So now that I've schooled the shit out of you on Jamaica's literary history, it's time for me to send you off into the weed-soaked sunset with a cache of some of the best Jamaica-centric longreads published on this here internet.
John Jeremiah Sullivan for GQ
As a rule of thumb, most writers who practice "new journalism" – i.e., the type of magazine article in which the writer makes themself a central figure in their own story, a subgenre I like to call "dudes writin' shit about stuff" – is overwrought and terrible. One of the few modern exceptions to this rule is John Jeremiah Sullivan, whose 2011 GQ piece about tracking down Bunny Wailer remains one of the finest explorations – and celebrations – of the extreme beauty and jarring contradictions at the heart of Jamaica itself.

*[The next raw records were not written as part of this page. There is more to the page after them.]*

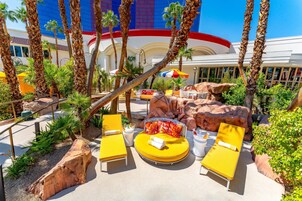 Seasonal outdoor pool, open 10:00 AM to 5:00 PM, cabanas (surcharge)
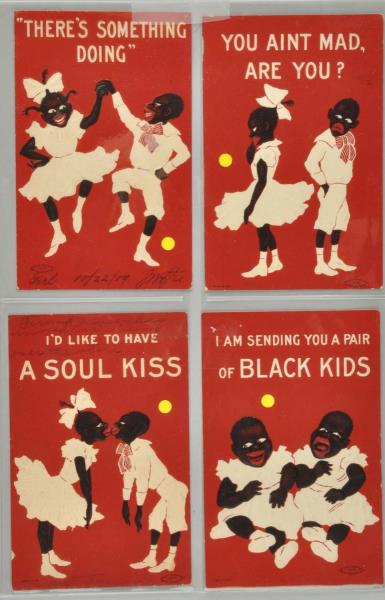 Appraisal: Lot Of Taggart Black Americana Postcards This lot of four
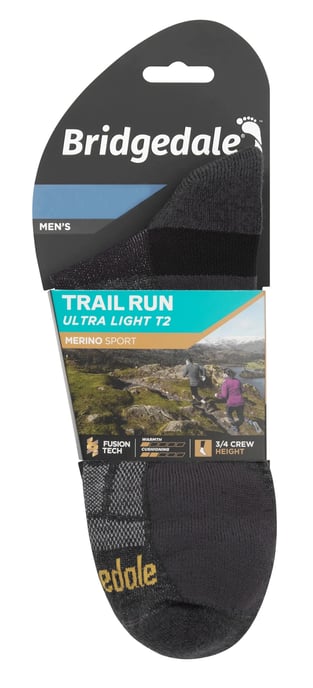 Bridgedale - Ultraleichte Merino-Sport-Socken für Herren - Gunmetal - Image 2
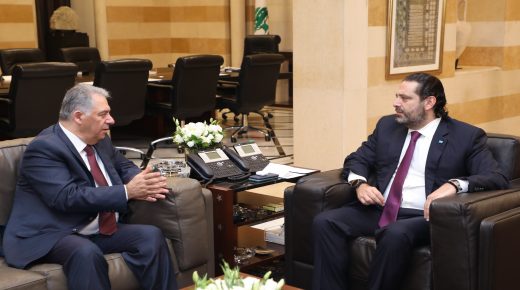 دبور يلتقي رئيس الوزراء اللبناني سعد الحريري
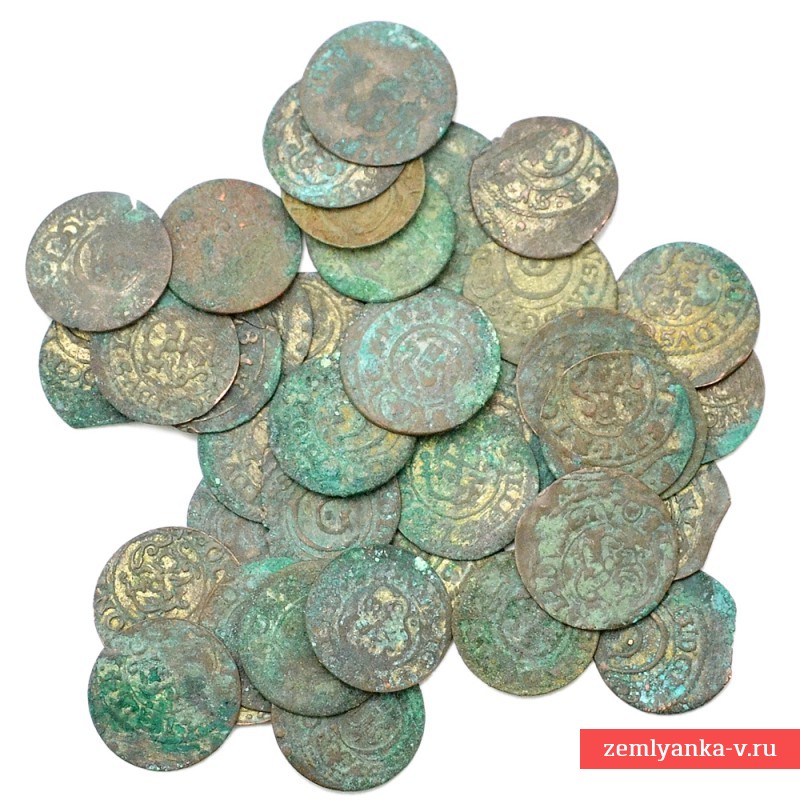 Лот кладовых монет – солидов, 1650-е гг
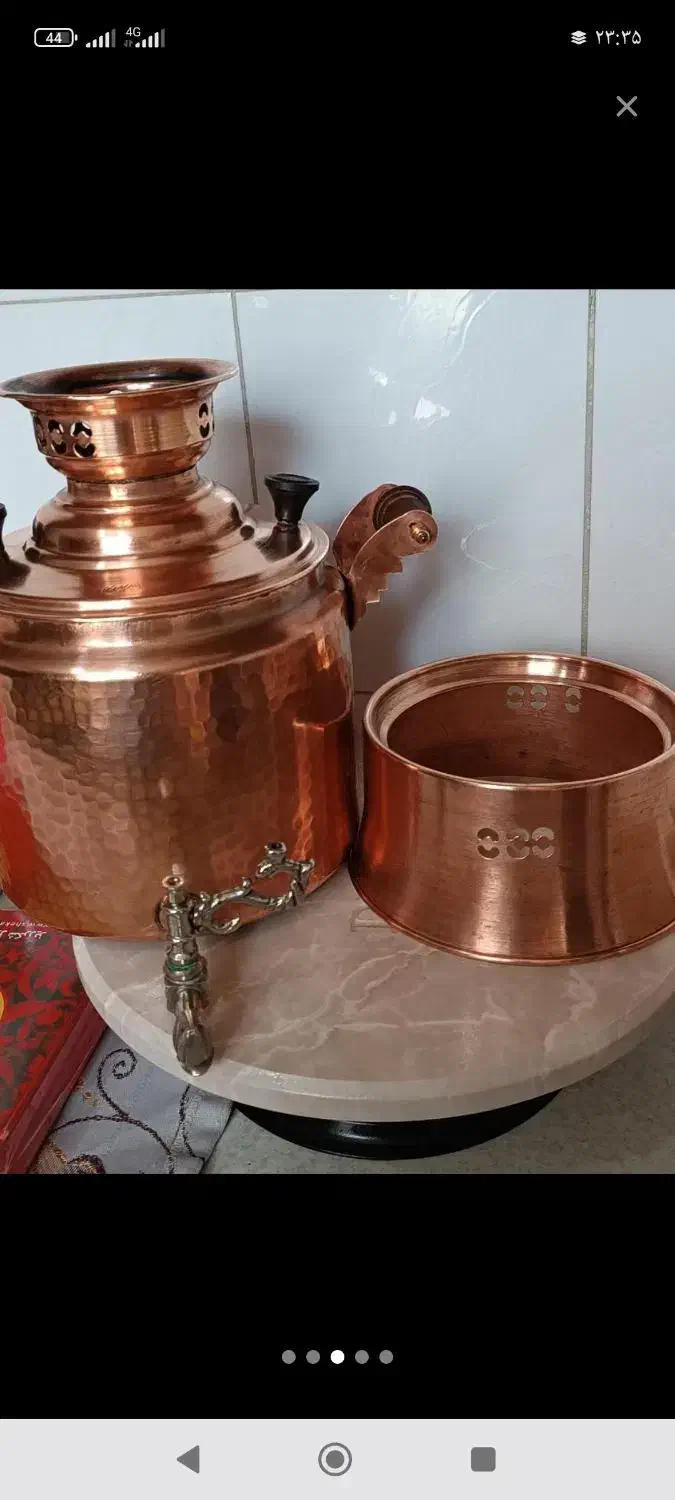 کتری رو گازی مسی|قوری، کتری، قهوه‌ساز دستی|فردیس, فردیس|دیوار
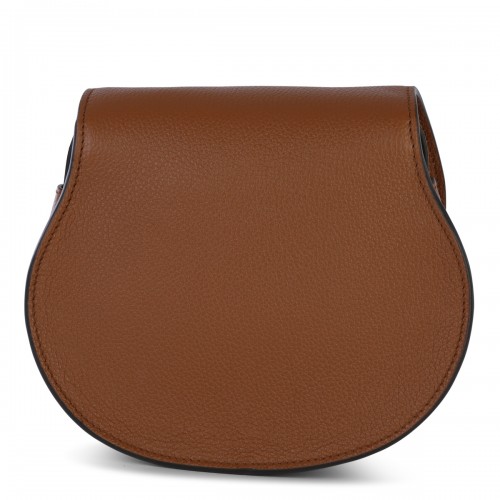 TAN LEATHER MARCIE SMALL SHOULDER BAG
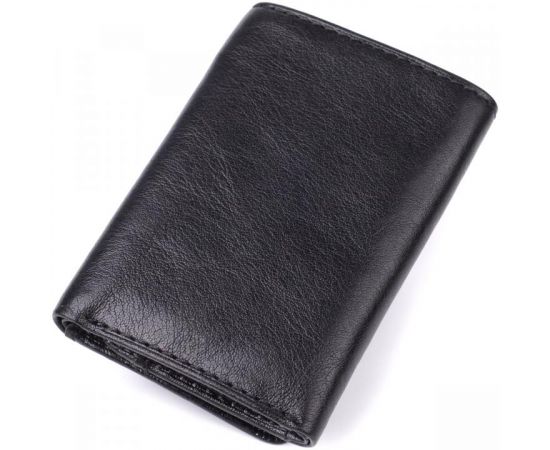 Придбати Компактный женский кошелек из глянцевой натуральной кожи Tony Perotti 20886_1 (1263 nero) Черный, image , зображення 2, характеристики, відгуки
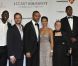  Omar Sy, Fred Testot, Steffen Valery, Tony Parker et sa douce Axelle, Claude Boisson et Boris Diaw lors de la première édition du gala de charité "Monaco par coeur" au profit des associations Jeune J'écoute er CéKeDuBonheur à Monaco, le 22 septembre 2012 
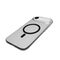 Puro Lite Mag TPU+PC Case Compatible with MagSafe for iPhone 17 Air - Transparent with Black Ring | Techbox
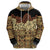 Niue Hiapo Motif Hoodie Tapa Classic - Black Ver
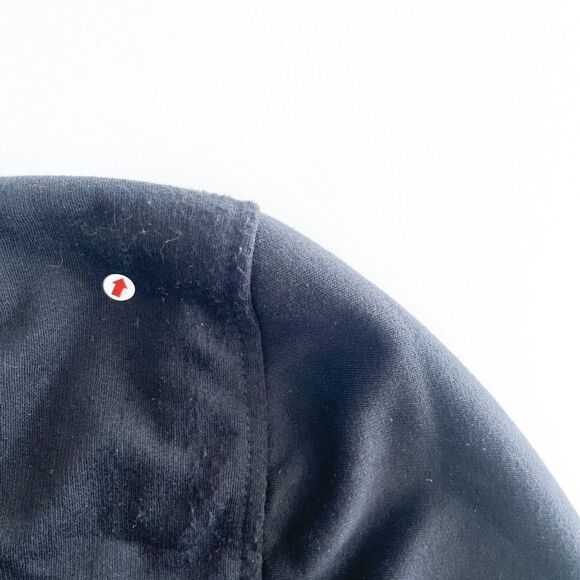 Levi's Womens Women's Flight Satin Bomber with Jersey Hood // Size Large // EUC - Picture 11 of 12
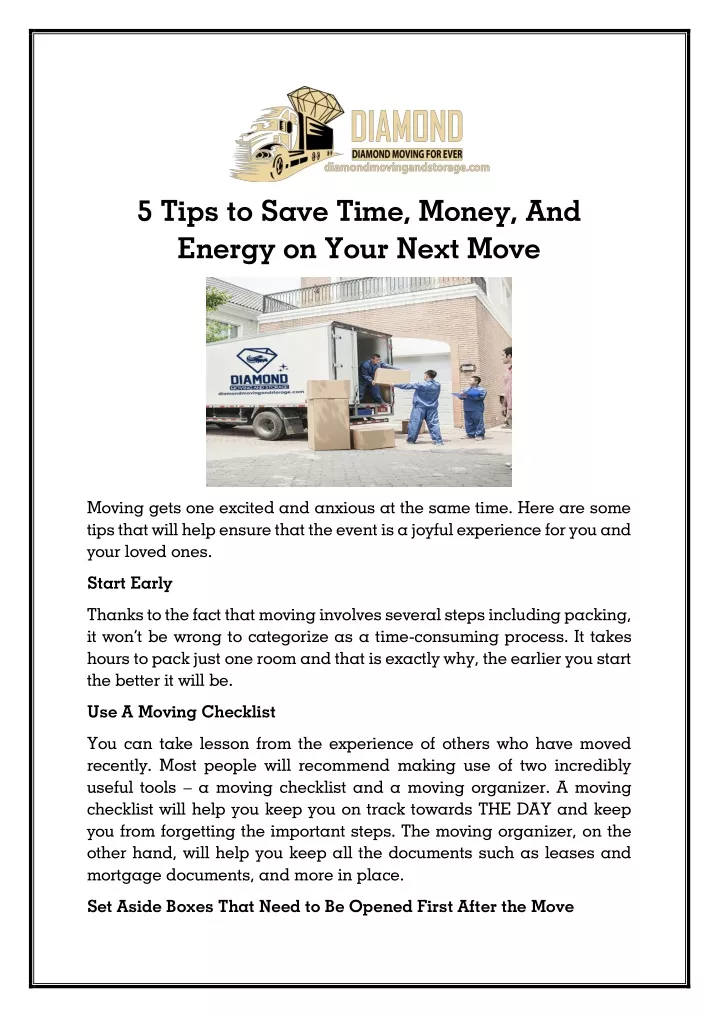 5 tips to save time money and energy on your next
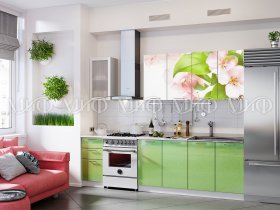 Кухонный гарнитур Яблоневый цвет в Купино - kupino.mebel-nsk.ru | фото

Matthias Schwartz for The New Yorker
If there's one thing that's true about the American government, it's that it has an unfortunate tendency to fuck shit in other countries up. Take the May 2010 massacre in the Tivoli Gardens neighborhood of Kingston, in which 74 people died in an attempt to capture the Jamaican drug kingpin Christopher Coke so that he could be extradited to the United States. As Schwartz writes, both the American and Jamaican governments refuse to disclose the details about the deaths that occurred during the raid on Coke, who ultimately evaded capture. The piece offers a fascinating breakdown of the power that organized crime holds over Jamaica, where drug lords such as Coke engender loyalty in the neighborhoods they control by providing badly needed services that the country's government does not. Though he might have been a murderous criminal mastermind, Coke also provided a sense of stability and safety to the residents of Tivoli Gardens, creating a balance that was thrown severely out of wack when America tried to extradite him.
"Digital Rhythm: The Loopy Origins of Dembow and the Knotty Dancehall Roots of Reggaeton"
Wayne Marshall for Wax Poetics
The DJ Wayne Marshall – not to be confused with the extremely famous Jamaican DJ of the same name – also doubles as one of the sharpest and most knowledgeable thinkers about the genre, as proven by his 2014 piece for Wax Poetics tracing the roots of Shabba Ranks's twitchy 1990 single "Dem Bow," the track that served as the seed from which the entire genre of Reggaeton grew. Along the way, he points out Reggaeton's ties to Jamaican and Panamanian culture, as well as its origins in New York reggae studios. It's one of those pieces that, once you're finished reading it, makes you go "holy shit I'm actually smarter!" Which, y'know, is great.
"From Jamaica to Minnesota to Myself"
Marlon James for the New York Times Magazine
"I was 28 years-old, and I'd reached the end of myself," writes the Jamaican novelist Marlon James in this touching recollection of his journey to self-knowledge. He recalls the struggle of growing up gay in Jamaica and how he spent his 20s leading a fractured life, splitting time between the wild anonymity of New York City and the restrictive cultural confines of his home country. Finding the self is a lifelong project, and breakthroughs often occur in ways we least expect them. For James, it took relocating to Minnesota to discover his own inner continuity, where he discovered an identy tied not to culture or social pressures but to his own whims, desires, and sensibilities.